We want people to trust the tool to do the right thing, so it is best to avoid as many errors as possible...

  • Of course you find all sorts of errors while testing clang-format on a large-enough codebase. That doesn't mean that users run into them much.
  • We have had about 10k clang-format users internally for several years. The semicolon issue comes up but really rarely and if it does, people happily fix their code not blaming clang-format.

Unrelated, my point remains that setting BlockKind in TokenAnnotator is bad enough that I wouldn't want to do it for reaping this small benefit. And I can't see how you could easily achieve the same thing without doing that.

Typz added a comment.Feb 28 2018, 6:58 AM
  • Of course you find all sorts of errors while testing clang-format on a large-enough codebase. That doesn't mean that users run into them much.
  • We have had about 10k clang-format users internally for several years. The semicolon issue comes up but really rarely and if it does, people happily fix their code not blaming clang-format.

Unrelated, my point remains that setting BlockKind in TokenAnnotator is bad enough that I wouldn't want to do it for reaping this small benefit. And I can't see how you could easily achieve the same thing without doing that.

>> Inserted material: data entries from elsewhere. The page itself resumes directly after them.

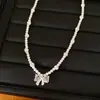 Colar de pérolas com laço de zircônia e contas de bola de diamante, corrente para clavícula de luxo discreto de alta qualidade, colar feminino elegante e estiloso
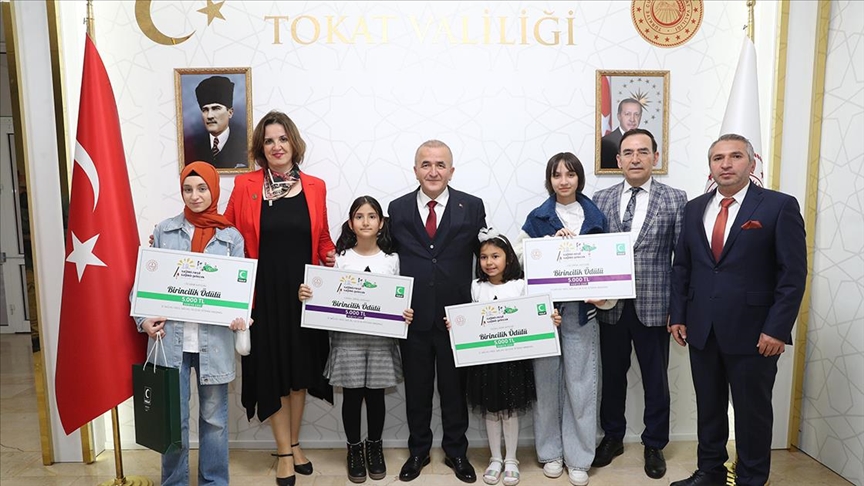 Bir öğrenci yarışma ödülünü Gazze’deki çocuklara bağışladı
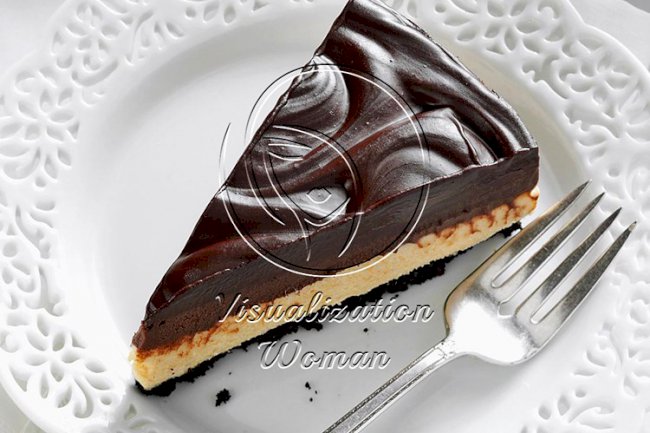 Chocolate & Peanut Butter Mousse Cheesecake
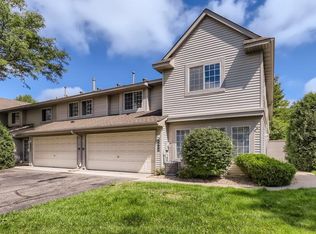 1045 Lovell Ave W, Saint Paul, MN 55113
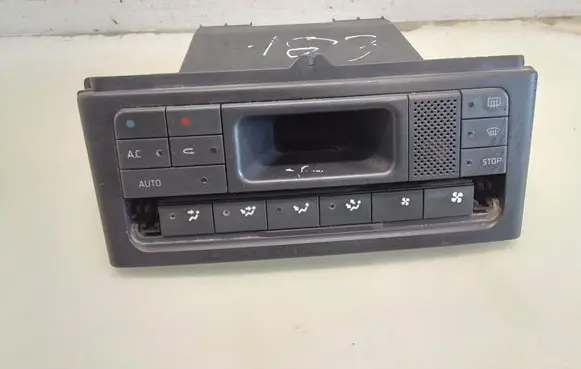 Renault Laguna I Climate control unit 9140010332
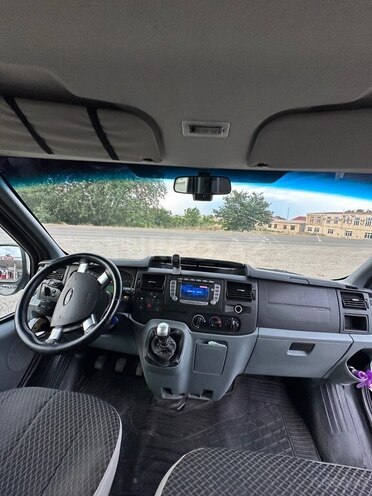 Ford Transit-8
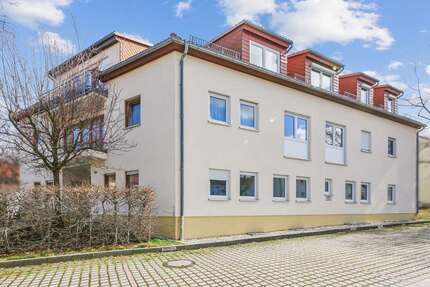 Büro in Neustadt 788 € 120.56 m²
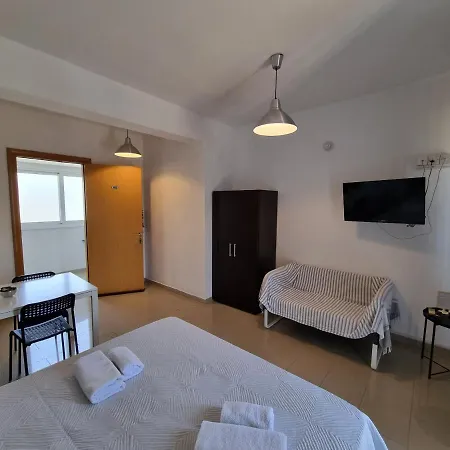 Valentinos Apartament *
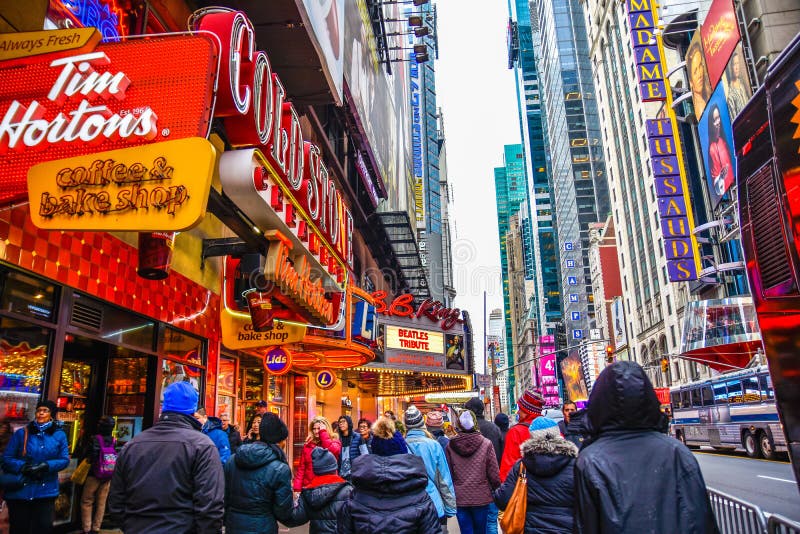 новые США york Здание и движение Таймс площадь в вечере в центре города Манхаттане стоковые изображения rf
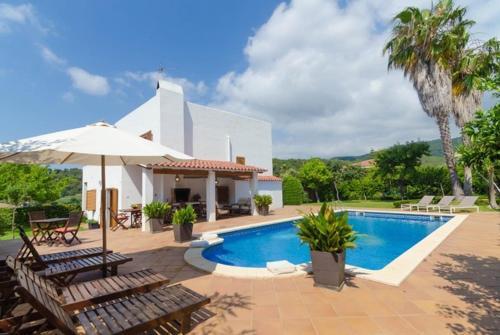 Lloret De Mar Villa Sleeps 8 Pool Wifi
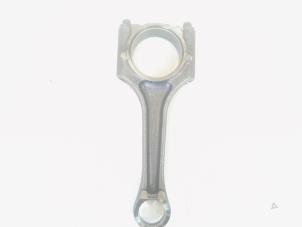 Begagnade Vevstake Audi RS 3 Sportback (8VA/8VF) 2.5 TFSI 20V Quattro Pris € 180,00 Marginaltabell erbjuds av GEJO Revisie & Onderdelen BV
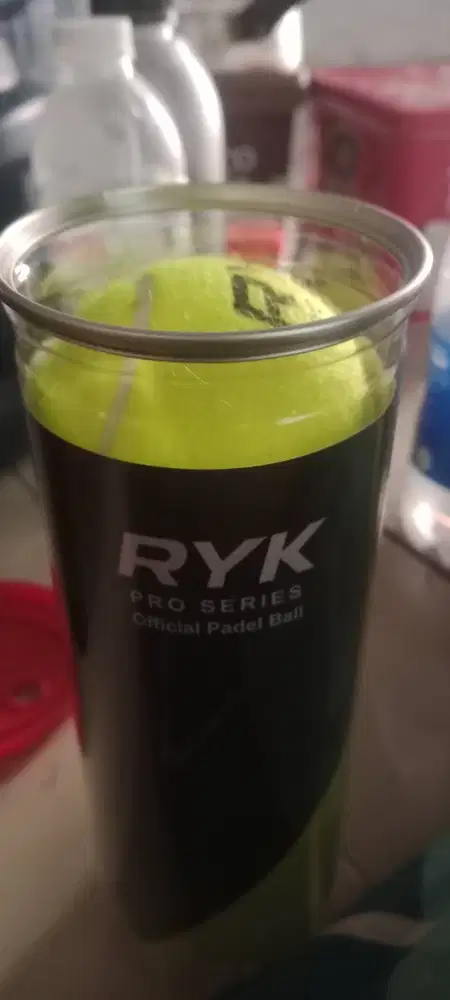 Jual bola padel merk RYK bekas pakai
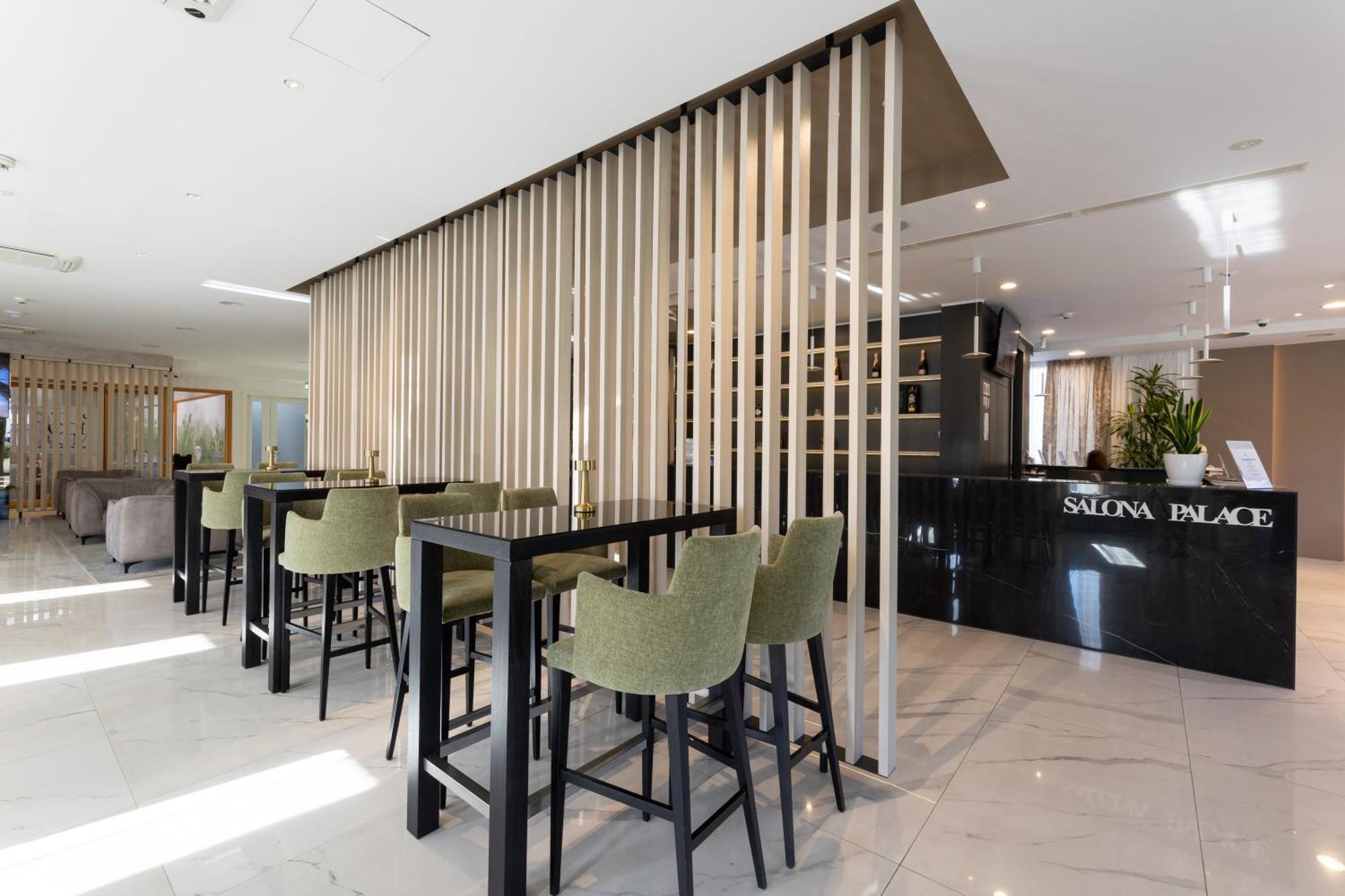 Hotel Salona Palace מראה חיצוני תמונה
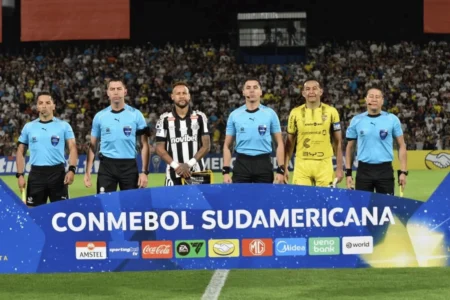 Neymar Decide, Santos Contra-Reacao Em Copa Sul-Americana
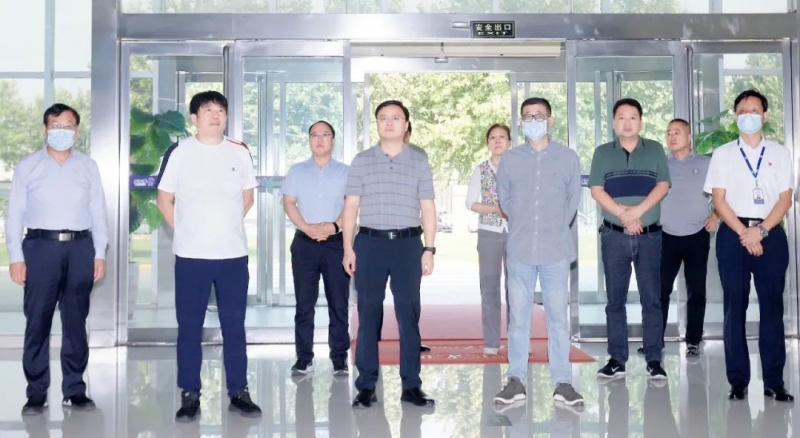 快訊｜社旗縣人民政府縣長(zhǎng)關(guān)文波一行蒞臨花花牛乳業(yè)集團(tuán)參觀考察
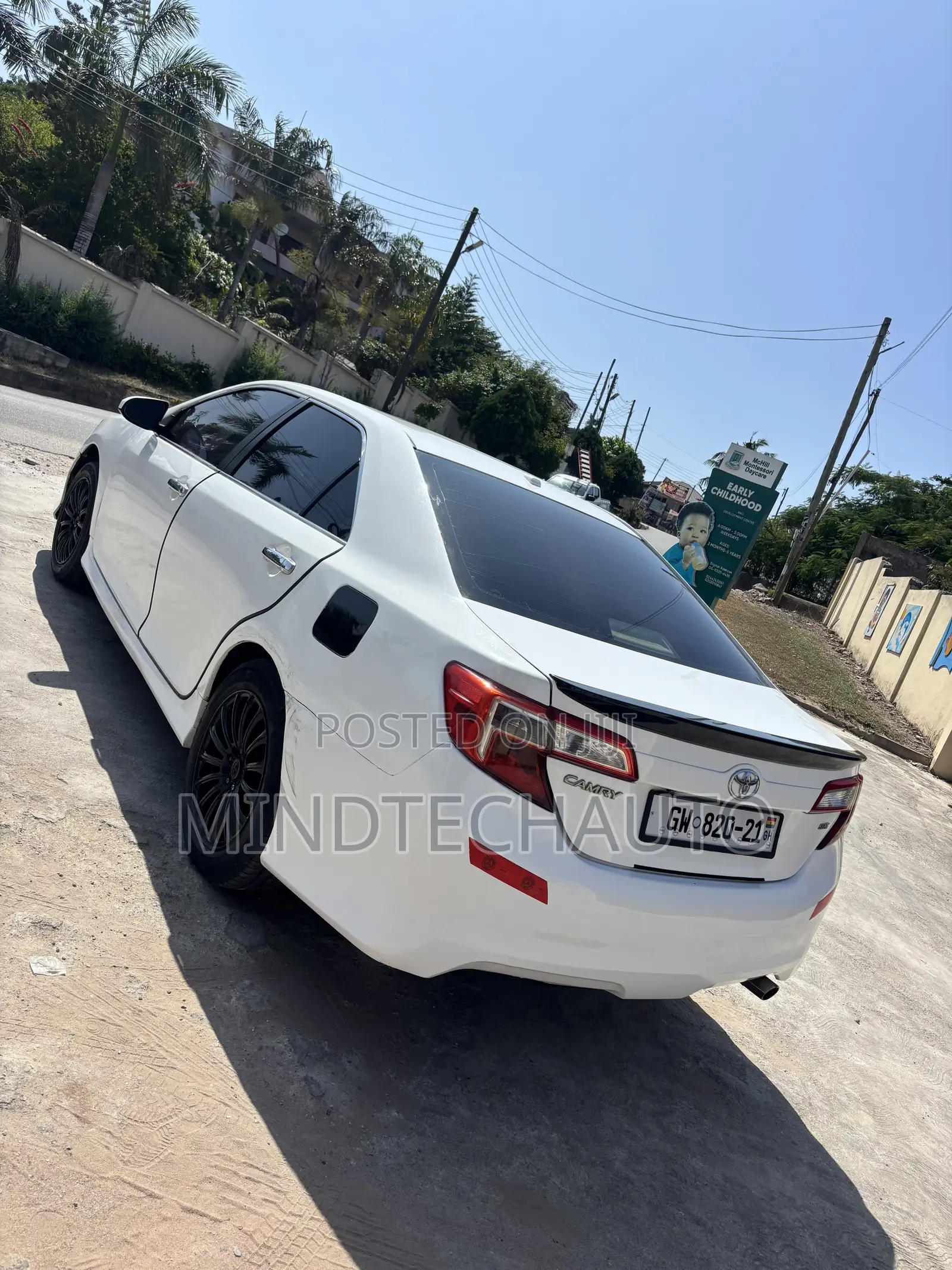 Toyota Camry SE Sport 4dr Sedan w/Prod. End 11/13 (2.5L 4cyl 6A) 2014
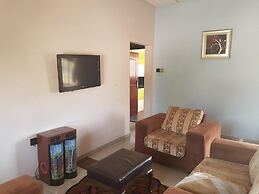 Franzy Suites And Lounge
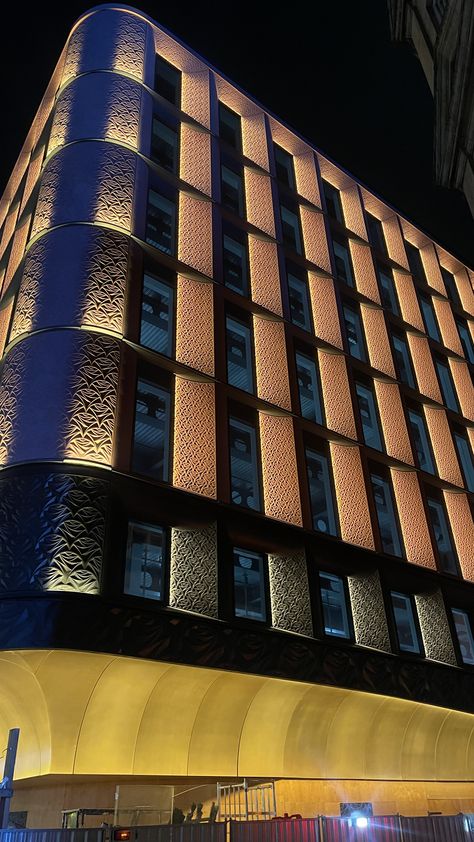 Gobo Lighting, Exterior Columns, Hotel Facade, Column Lighting, Commercial Design Exterior, Architectural Lighting Design, Facade Architecture Design, Facade Lighting, Architecture Building Design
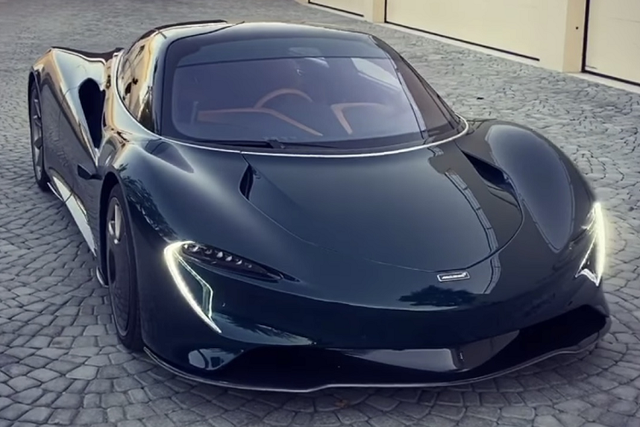 McLaren Speedtail khoac ao carbon xanh hang doc, khoang noi that co 3 cho ngoi-Hinh-2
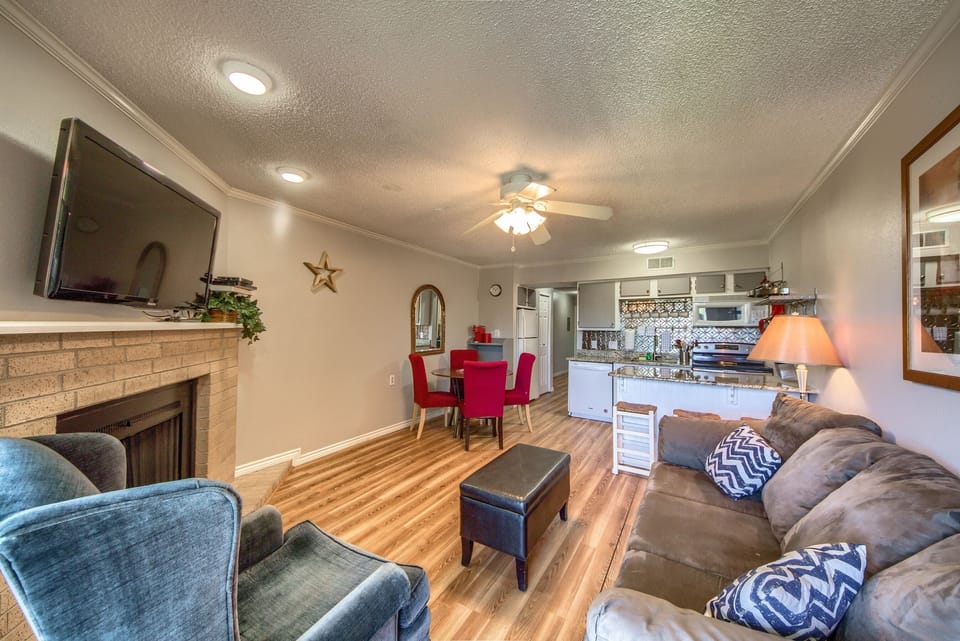 Cozy Living and Kitchen area.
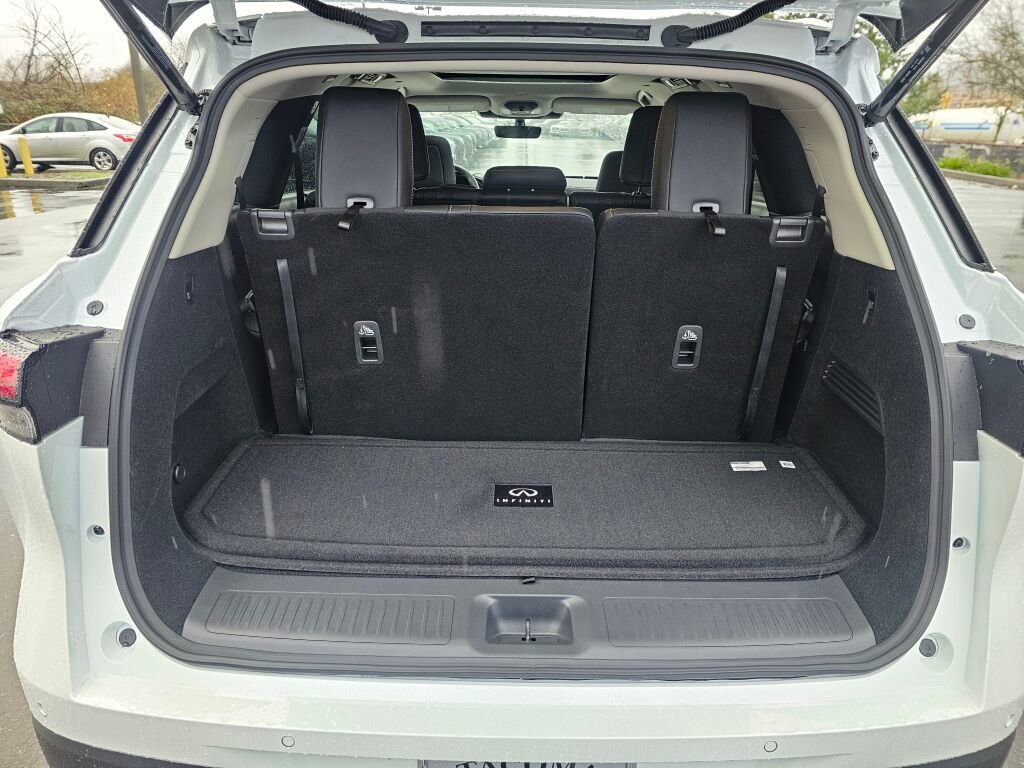 New 2026 INFINITI QX60 Luxe image 19
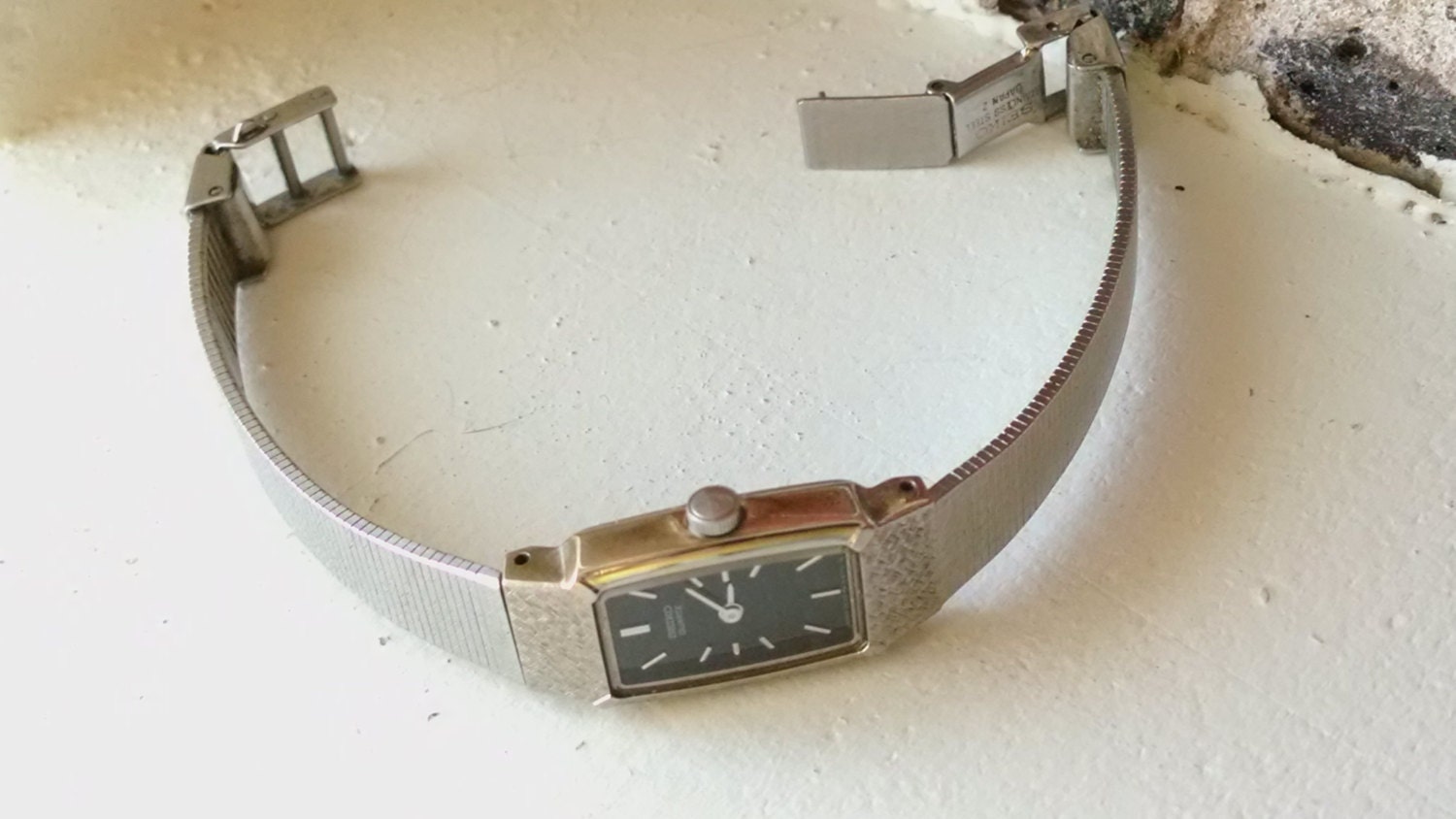 Vintage ladies Seiko Black Square Face watch with hammered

Just a question though. I there a reason brace matching (and other parts of TokenAnnotations) are not performed before LineUnwrapping? That would probably allow fixing this issue more cleanly (though I am not sure I would have the time to actually perform this probably significant task)...

  • Of course you find all sorts of errors while testing clang-format on a large-enough codebase. That doesn't mean that users run into them much.
  • We have had about 10k clang-format users internally for several years. The semicolon issue comes up but really rarely and if it does, people happily fix their code not blaming clang-format.

Unrelated, my point remains that setting BlockKind in TokenAnnotator is bad enough that I wouldn't want to do it for reaping this small benefit. And I can't see how you could easily achieve the same thing without doing that.

Just a question though. I there a reason brace matching (and other parts of TokenAnnotations) are not performed before LineUnwrapping? That would probably allow fixing this issue more cleanly (though I am not sure I would have the time to actually perform this probably significant task)...

I think this is just the way it has grown. And brace/paren matching is actually done in both places several times by now, I think :(.

Fundamentally, the UnwrappedLineParser had the task of splitting a source file into lines and only implemented what it needed for that. The TokenAnnotator then did a much more elaborate analysis on each line to determine token types and such and distinguish what a "<" actually is (comparison vs. template opener). Having these two things be separate makes it slightly easier for error recovery and such as the state space they can be in is somewhat more limited.